## YOUR TASK:
Copy the data exactly. Images are to be left out.

## SOURCE DATA:
* * * *

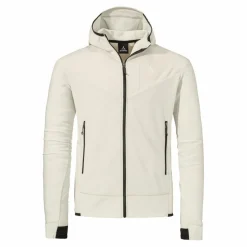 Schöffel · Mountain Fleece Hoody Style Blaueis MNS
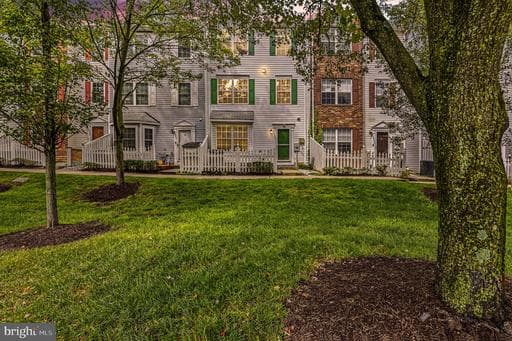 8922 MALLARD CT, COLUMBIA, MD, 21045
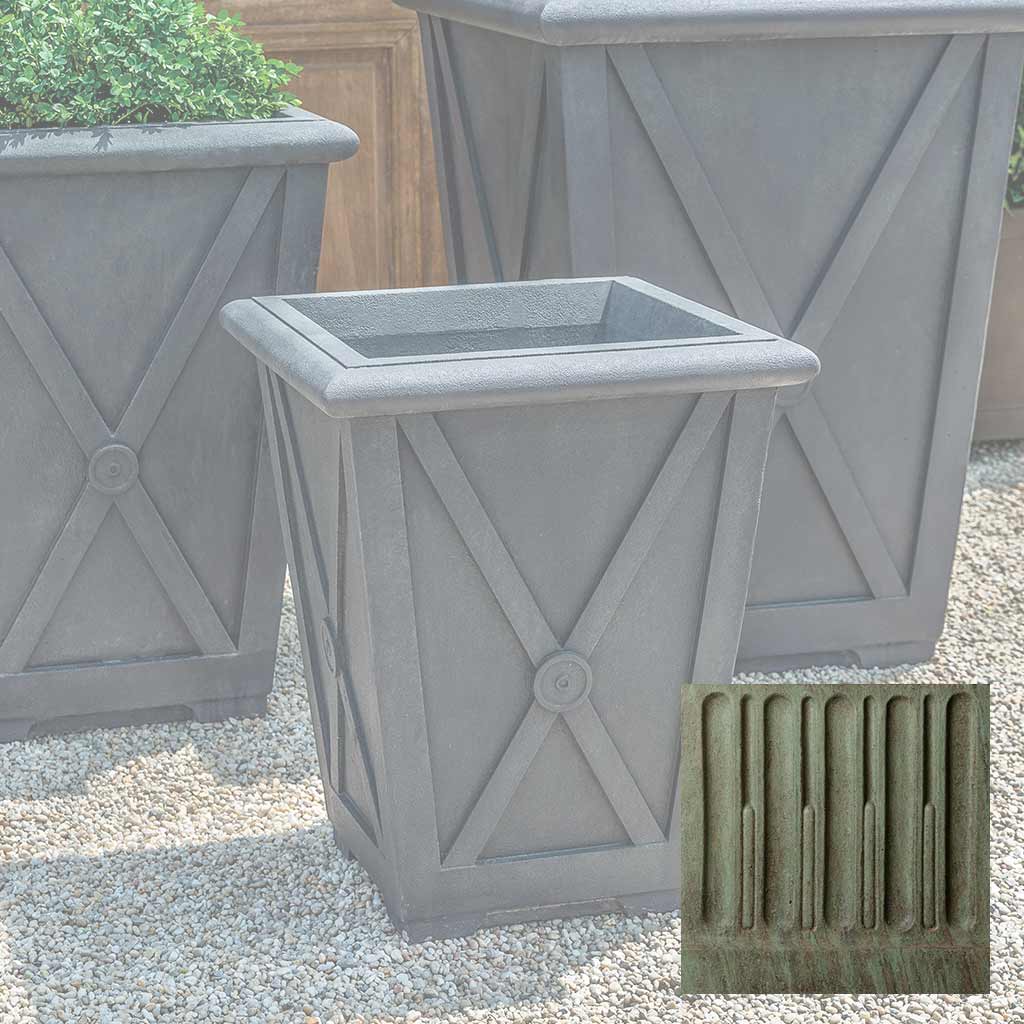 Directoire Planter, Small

* * * *

## SOLUTION:
 Schöffel · Mountain Fleece Hoody Style Blaueis MNS
 8922 MALLARD CT, COLUMBIA, MD, 21045
 Directoire Planter, Small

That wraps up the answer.